None of this is easy. None. Of. It. If someone tells you it is easy for them, they are either not really trusting or lying. Yet I have to believe there is much truth to this. And in some small way, as terrifying as it is to truly let go of our plans and ideas and dreams and maps and need for security, it is comforting to know that trust is an option. A terrifying comfort, but a comfort nonetheless. And a necessary one.
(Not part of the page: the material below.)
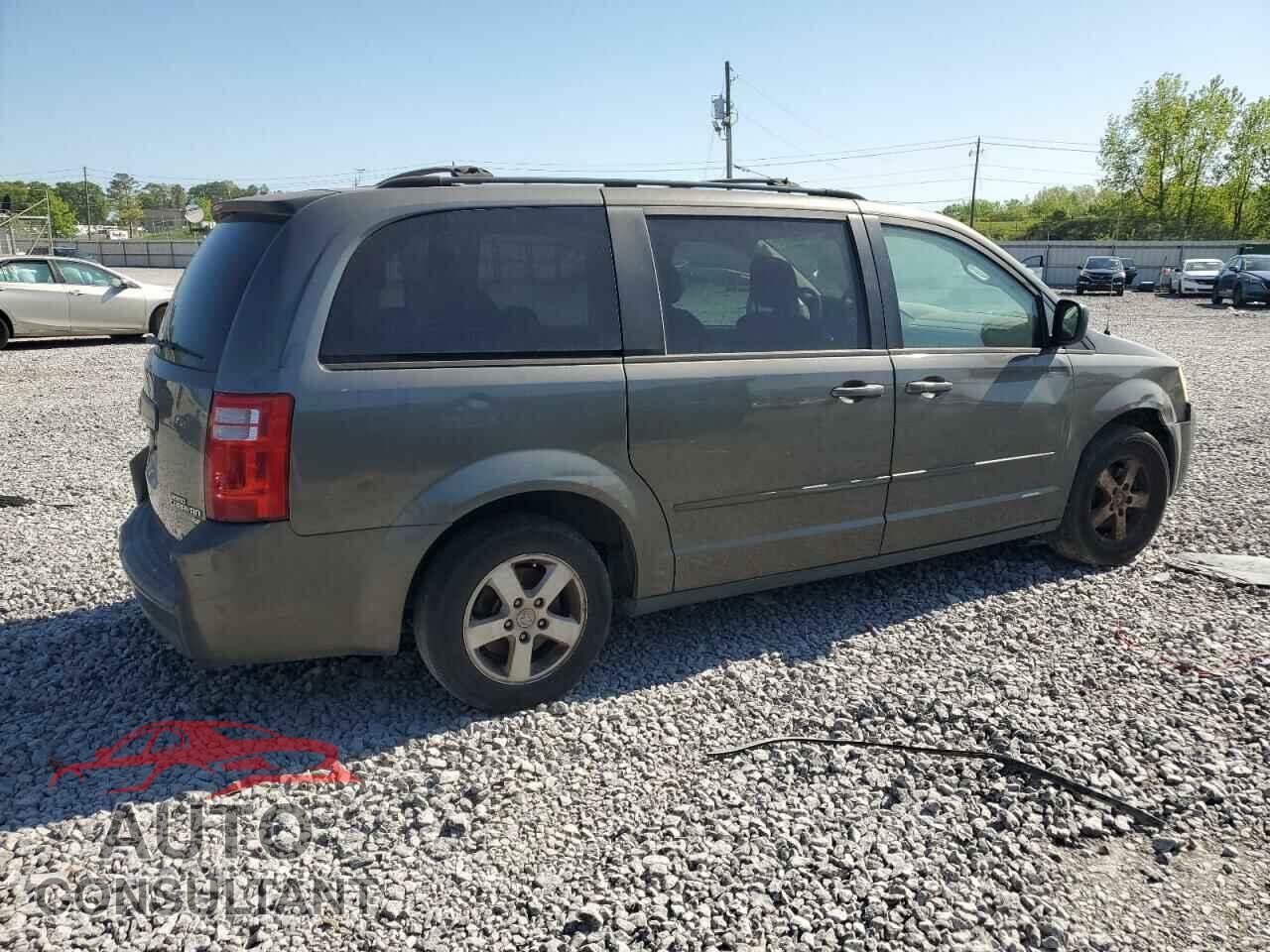 DODGE CARAVAN 2010 - 2D4RN4DE9AR397546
I recently (like yesterday) stopped begging God for clarity in a situation- at least for the moment. My spirit knew the overall direction God was leading. Even though I have at times fought that direction, I know it is what God wants. The problem for me is that as beautiful as the arrival point in this path is, the journey there is quite treacherous and difficult. I know this because I have walked it before. Only in a different time as a different person. I do not relish the thought of this path, even though I love the vision to which it will bring me. My pleas for clarity were a guise to my intense fear of the darkness of the journey. They were my anchor holding me back, instead of allowing the hope of Jesus to anchor me in the difficulty of what lies ahead. I wanted clarity so I have the security that the path will be easier, that the outcome sooner, that I wouldn’t be as hard this time around. But clarity is not God’s gift to me right now. Trust is. As strange a gift as it is.
So I find myself submitting to that- quaking knees and all. I want clarity, a light that reaches all the way to the ending point… but God is asking me to trust.
So if your path right now is dark and you can’t see your way through… I get that. I understand it. If you are begging God for clarity and he is instead giving you the wisdom hear his request to trust him… I feel that. We are walking that road together. Perhaps our companionship will help lessen the fear as we walk to the end of the light and wait for more to be given.
And we can help each other see glimpses of God along the way.